Ré belle lion.

Si tu n’aimes pas le fouillis, abstiens toi de lire ce qui suit. Et il se peut qu’à la fin tu te fâches avec moi. 

Dans le milieu où j’ai grandi, on me disait qu’être trop intelligente faisait peur aux hommes sous entendu que c’était mal car la femme en question ne pourrait pas se marier. C’est faire bien peu confiance aux hommes et à la capacité des femmes de se faire plus bêtes qu’elles ne sont, pour la survie de l’espèce, puisque. 

On disait aussi, qu’être belle c’était le malheur assuré, pour l’effet inverse : trop d’hommes à ses pieds, un choix impossible, donc un mauvais choix.

Construis-toi en tant que femme, avec ça.

J’ai découvert mon « féminisme » au Sénégal. 

Jusque là, je ne me posais pas de questions à ce sujet, pas beaucoup de questions sur grand chose d’ailleurs, n’étant confrontée qu’à la difficulté d’être moi-même, c’est déjà beaucoup.

Au Sénégal, j’ai vu des femmes qui faisaient tout, alors que les hommes buvaient le thé. J’ai vu des femmes venir réclamer le pécule quotidien, pour nourrir la famille. J’ai vu des femmes ne pas se nourrir pour que leur homme ait de quoi manger. Et les enfants. 

J’ai vu des femmes chargées, et des hommes sous l’arbre.

Je grossis le trait, mais pas beaucoup, et au bout de quelques semaines je ne comprenais pas pourquoi j’avais envie de secouer le cocotier, pourquoi elles ne disaient rien, pourquoi cette inégalité. La tradition. Ah oui. Mais bien sûr. 

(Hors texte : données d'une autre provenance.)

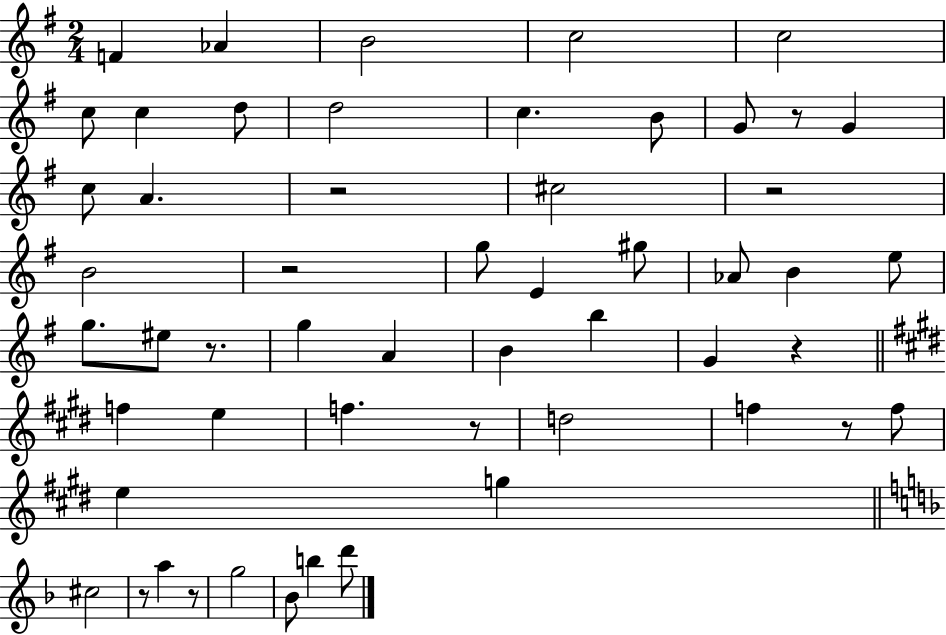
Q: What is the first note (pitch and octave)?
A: F4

D’un autre côté, Fatou Diome, de la même génération que notre ami Adama, est une écrivain pas vaine du tout, reconnue, même au Sénégal. 

Alors, encore une contradiction?

Dans mon monde, il y a des femmes, dont j’entends parler, par les femmes. Ma grand-mère parlait de sa mère, ma mère parle de sa grand-mère, les deux parlaient de leurs cousines, de leurs tantes etc. Quand elles parlent des hommes, ce n’est pas vraiment d’eux qu’elles parlent, mais de leur situation sociale, de leur profession. « Ton arrière grand-père, ce marin, ton grand-père, cet ingénieur »… sans jamais parler de ce qu’ils pensaient, mais de ce qu’ils faisaient. De la maison où ils vivaient. De leurs voyages. Jamais je n’ai pu dépasser la lumière de leurs yeux, aller voir derrière la rétine, aller lire leurs pensées, leurs avis, leurs idées. 

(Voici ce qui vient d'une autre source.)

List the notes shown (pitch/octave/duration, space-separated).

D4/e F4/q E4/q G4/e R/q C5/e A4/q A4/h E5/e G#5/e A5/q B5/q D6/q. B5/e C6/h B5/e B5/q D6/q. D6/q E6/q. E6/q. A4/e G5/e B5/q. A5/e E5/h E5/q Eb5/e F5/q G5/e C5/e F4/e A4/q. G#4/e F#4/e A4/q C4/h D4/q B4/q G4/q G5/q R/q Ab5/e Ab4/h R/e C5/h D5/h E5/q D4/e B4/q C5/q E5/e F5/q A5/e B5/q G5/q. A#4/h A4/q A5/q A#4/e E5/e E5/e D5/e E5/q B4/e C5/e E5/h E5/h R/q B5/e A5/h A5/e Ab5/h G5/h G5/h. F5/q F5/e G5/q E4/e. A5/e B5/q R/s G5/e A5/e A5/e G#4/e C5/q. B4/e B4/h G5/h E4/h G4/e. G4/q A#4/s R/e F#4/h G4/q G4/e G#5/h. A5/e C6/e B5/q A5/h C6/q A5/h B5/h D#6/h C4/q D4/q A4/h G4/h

Qu’est ce qu’il en disait de l’Afrique, mon arrière grand-père sur le Brazza? Que voulait-il montrer sur ses photos? Aurait-il voulu changer quelque chose à ce monde? Votait-il et pour qui? Mon grand-père était-il fier des chemins de fer? de ses maquettes? De ses enfants? Avait-il à son sens, réussi sa vie? 

Rien, je ne sais rien, ni par eux, ni par les femmes de la famille. 

Les femmes ont suivi, se sont plaintes, se sont sacrifiées. À quel titre? 

Étaient-elles trop belles qu’il fallait qu’elles soient discrètes? Étaient-elles trop intelligentes qu’elles doivent s’oublier au bénéfice du mâle selon le principe de la pomme et de l’arbre, au nom du pêché originel qu’aucune génération ne pourra jamais assez rembourser, ou payer, ou sacrifier?

Je me pose ces questions depuis que je me sens agressée quand ce que je fais est attribué à un autre, ou bien que le « Je » m’élimine de l’équation. Je ne supporte pas qu’on utilise une de mes photos, même anodine, sans que l’on me le demande ou qu’on m’en attribue le crédit. Je ne supporte pas quand on s’attribue une de mes idées, ou la solution d’un problème, sans qu’on en discute d’abord. Jamais je ne me permet de « voler » les autres. 

Quand on raconte un épisode auquel j’ai participé et que le narrateur dit « je » à la place de « nous », je me pose la question de mon existence même. Par exemple dire « j’ai fait à manger » alors que nous étions au moins deux en cuisine. 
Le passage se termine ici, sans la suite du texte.